Gehaltsvergleich: Moneymaker

Die Stimmung ist ausgelassen, als die Arbeitskollegen auf einen After-Work-Drink ins Stammlokal ums Eck gehen. Man lacht über die neue Krawatte des Chefs, beschwert sich über einen wählerischen Kunden, protzt, wie super man im Job ist. Und dann fragt einer: „Wie viel verdient ihr eigentlich?“ – Plötzlich herrscht eisige Stille.

Über Geld spricht man nicht, man hat es – sagt der Volksmund. Die Frage, was auf dem Gehaltszettel steht, ist heikel; und ganz besonders, je höher die Summe ist. Dass beispielsweise Andreas Treichl, Vorstandsvorsitzender der Erste Bank, 2,9 Millionen Euro brutto pro Jahr verdient, ergibt ein Blick in den Geschäftsbericht. Kommentieren will er sein Gehalt aber nicht. Und auch Anton Wais, Generaldirektor der Österreichischen Post, gibt prinzipiell keine Interviews zu seinem Salär.

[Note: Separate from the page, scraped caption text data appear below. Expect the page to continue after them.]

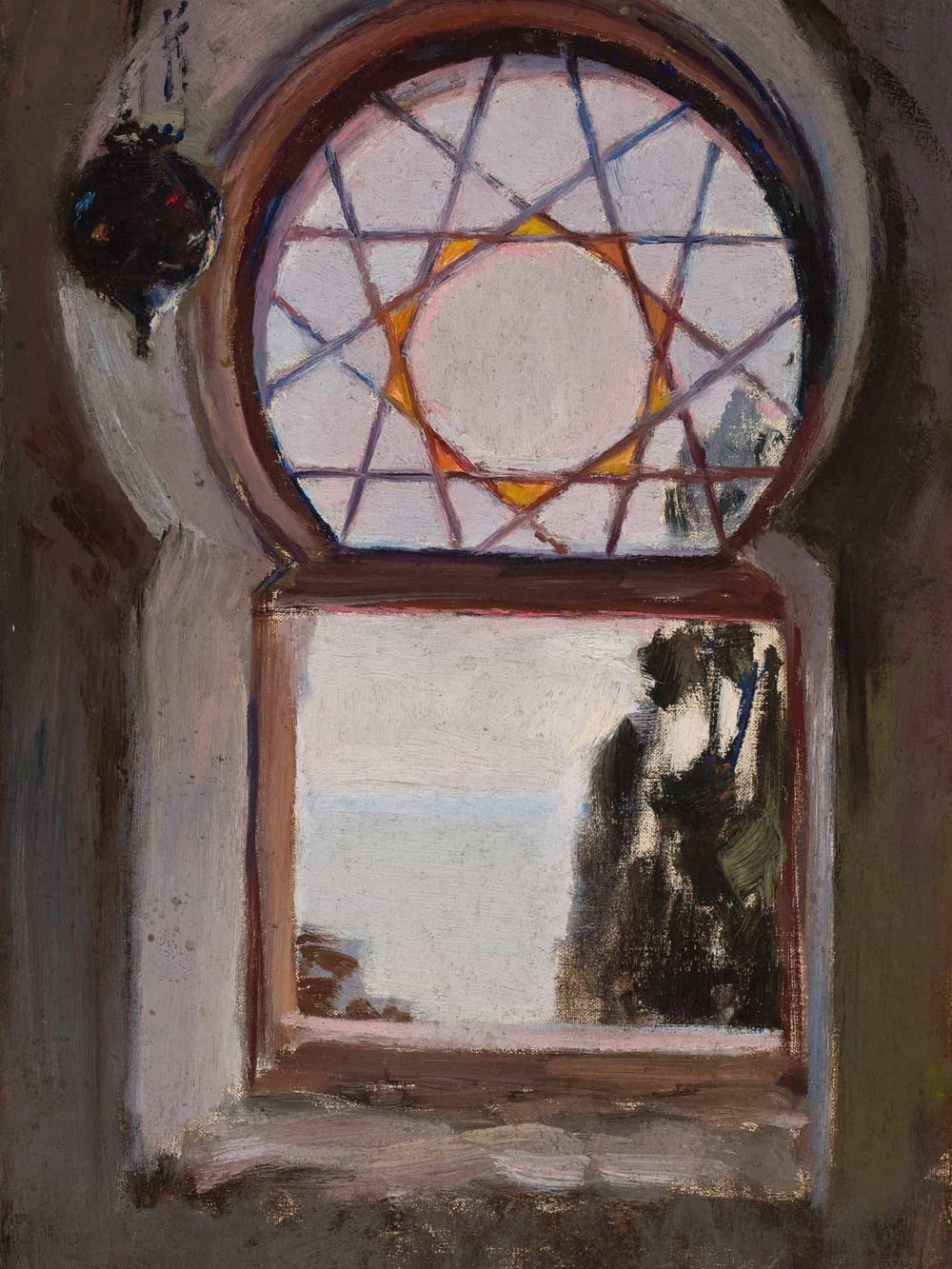 Jan Ciaglinski Window Of The Bakhchi Dere Villa In Yalta From The Journey To Crimea (Between 1887 And 1899) By Jan Ciaglinski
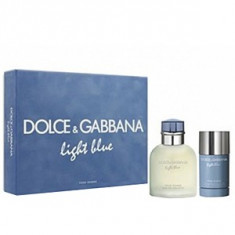 Dolce&amp;amp;Gabbana Light Blue Pour Homme Set 125+75 pentru barbati foto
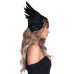 Повязка на голову с крыльями Leg Avenue Feather headband Black, перья и натуральная кожа - Фото №3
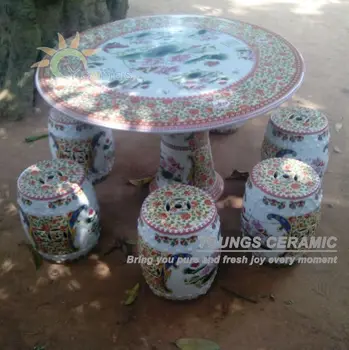 Jingdezhen High Quality Garden Furniture Ceramic Table Set For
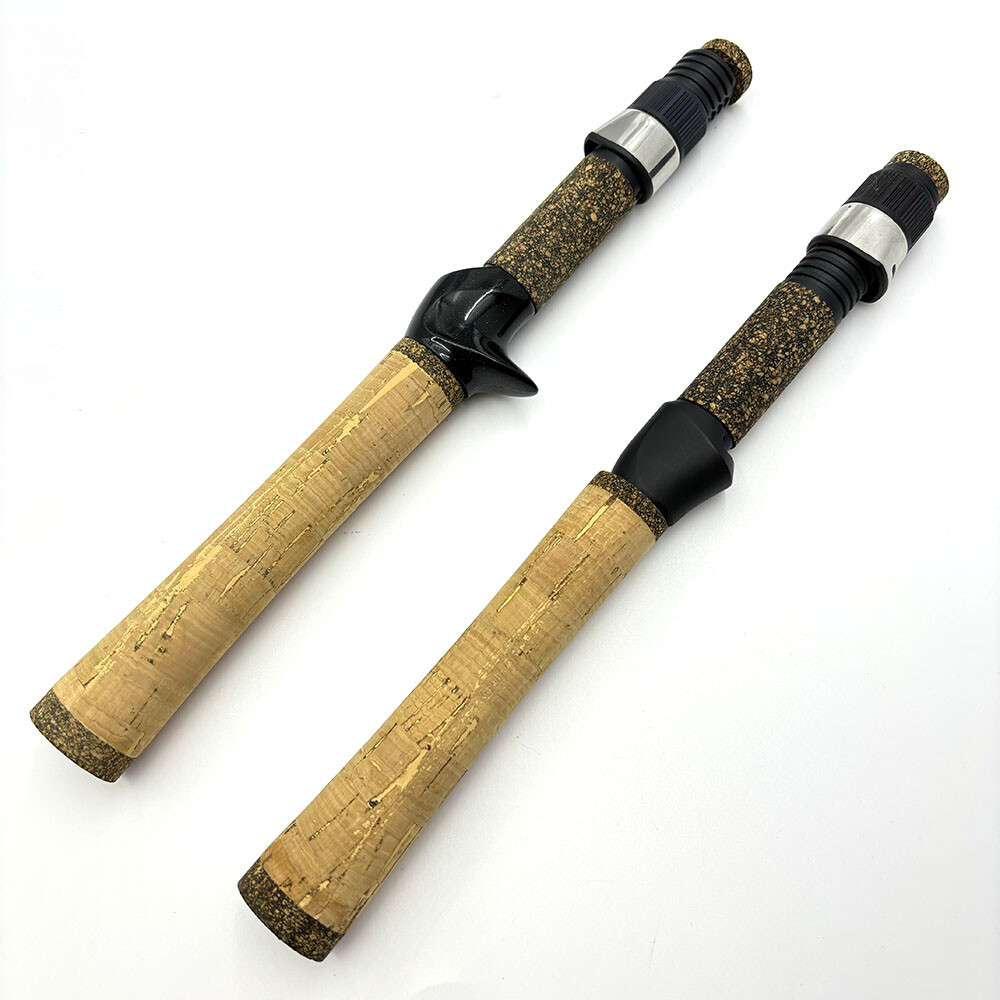 Fishing Rod Cork Handle Reel Seat Set Replacement Spinning Casting Handle DIY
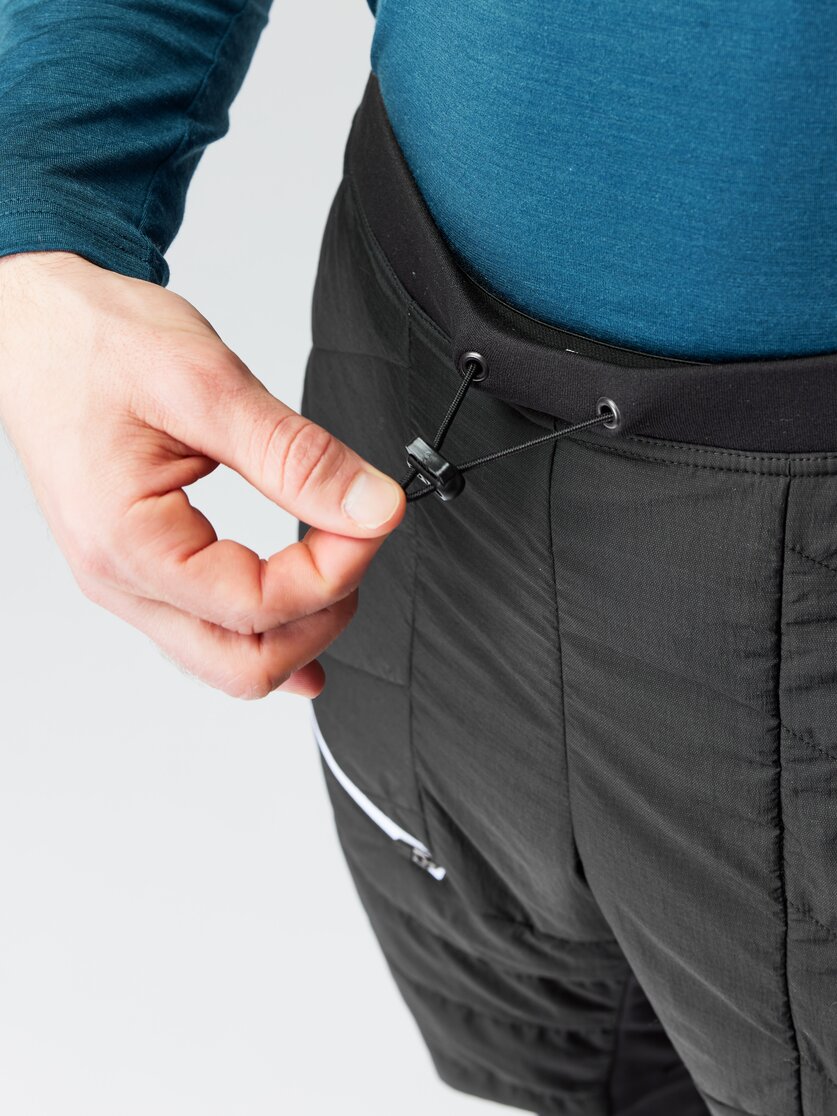 Martini Sportswear - TREASURE - Insulated shorts in black - Detail 3 - Men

Vergleichen Sie sich reich. So ungern man über das eigene Gehalt redet, so groß ist freilich die Neugier zu wissen, was die anderen verdienen – zwecks Vergleich: Bekomme ich genug, oder wäre nicht schon längst eine Gehaltserhöhung fällig? Um zu erfahren, welche Bezahlung angemessen ist, lohnt es sich daher, einen Blick auf Vergütungsstudien zu werfen. Die aktuellen Zahlen von Neumann International zeigen, in welchen Bandbreiten die Jahresbruttogehälter von unterschiedlichen Positionen in mittelständischen Unternehmen derzeit liegen – von der persönlichen Assistentin bis zum Geschäftsführer (siehe Tabelle rechts).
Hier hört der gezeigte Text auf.